The ongoing one, though, is the fact that in these tough times, people are still going hungry. There was a food drive at Rising Tide VI this year, as there was last year, in large part because the need is still very much there. hence the addition of the Power To Fight Hunger widget to the sidebar on this blog. It leads to the site of Second Harvest Food Bank of Greater New Orleans and Acadiana, and this is their Hunger Action Month - although every month, really, ought to be Hunger Action Month. Check all the links at the site, donate some funds, canned goods, or even your time to helping feed the hungry. It isn't good for the possible future of Louisiana to be starving like this:
“One in five children in south Louisiana is food insecure and the number is growing,” said Natalie Jayroe, President and CEO of Second Harvest food Bank of Greater New Orleans. “Good nutrition is absolutely critical for children to learn and succeed in school and in life. Far too many children in Louisiana are going to bed hungry each night.” 

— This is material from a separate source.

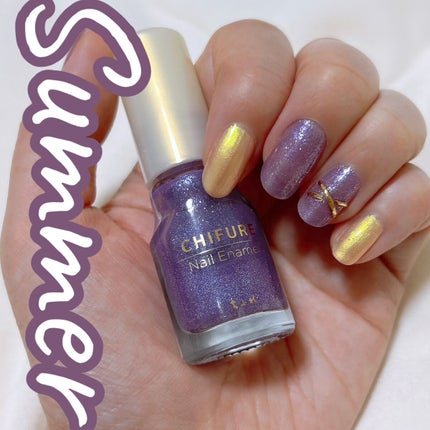 ネイルシール/キャンドゥ/ネイルシールを使ったクチコミ(1枚目)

“Map the Meal Gap: Child Food Insecurity” provides the following data for south Louisiana, by Parish, in an interactive map format: 
o The percentage of the population who is food insecure.
o The percentage of children that is eligible for assistance from federal nutrition programs like Special Supplemental Nutrition Program for Women, Infants and Children (WIC), free or reduced-price school meals, and others.

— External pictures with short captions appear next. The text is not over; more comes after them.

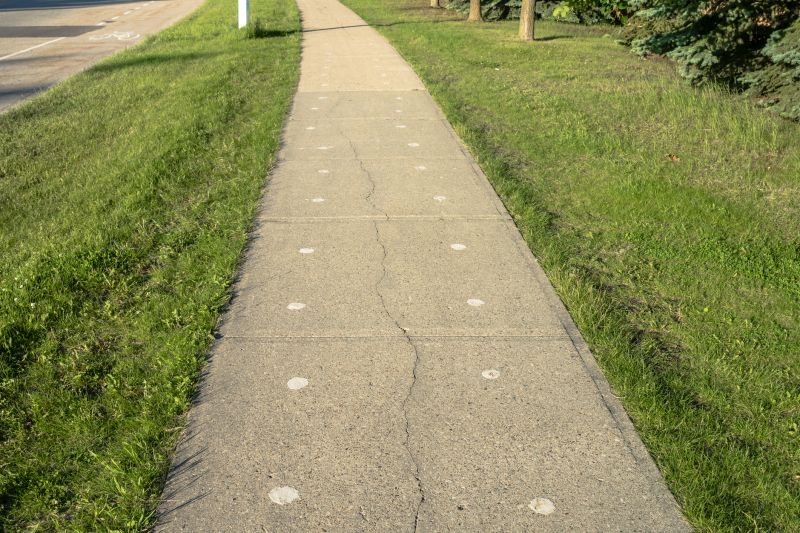 Uneven Sidewalks
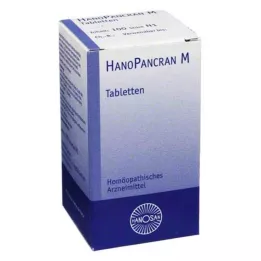 HANOPANCRAN m tabletid, 100 tk
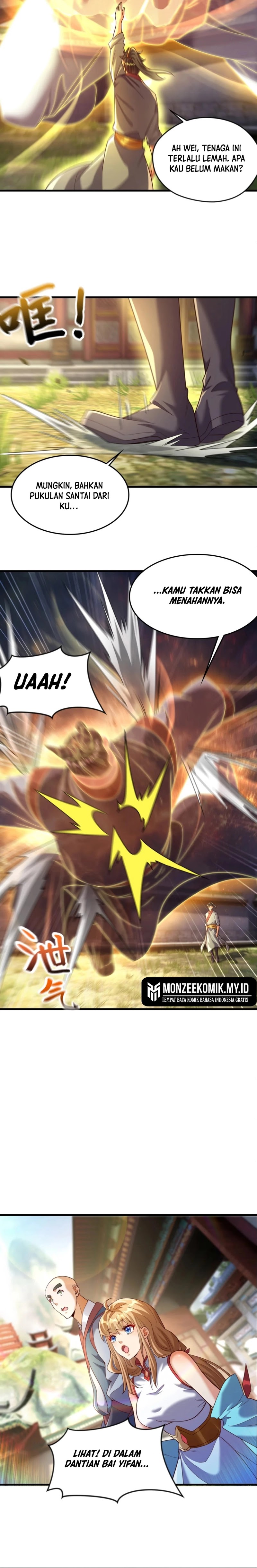 I Scared the Divine Lord as I handed over the Ancient Immortal Pill chapter 71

o The percentage of children that is not eligible for assistance from federal nutrition programs like Special Supplemental Nutrition Program for Women, Infants and Children (WIC), free or reduced-price school meals, and others.
 
An executive summary of the report can be found at:  www.feedingamerica.org . The study is an important tool because it provides critical information for developing strategies to alleviate child hunger.
Any assistance is of great help. Thanks in advance.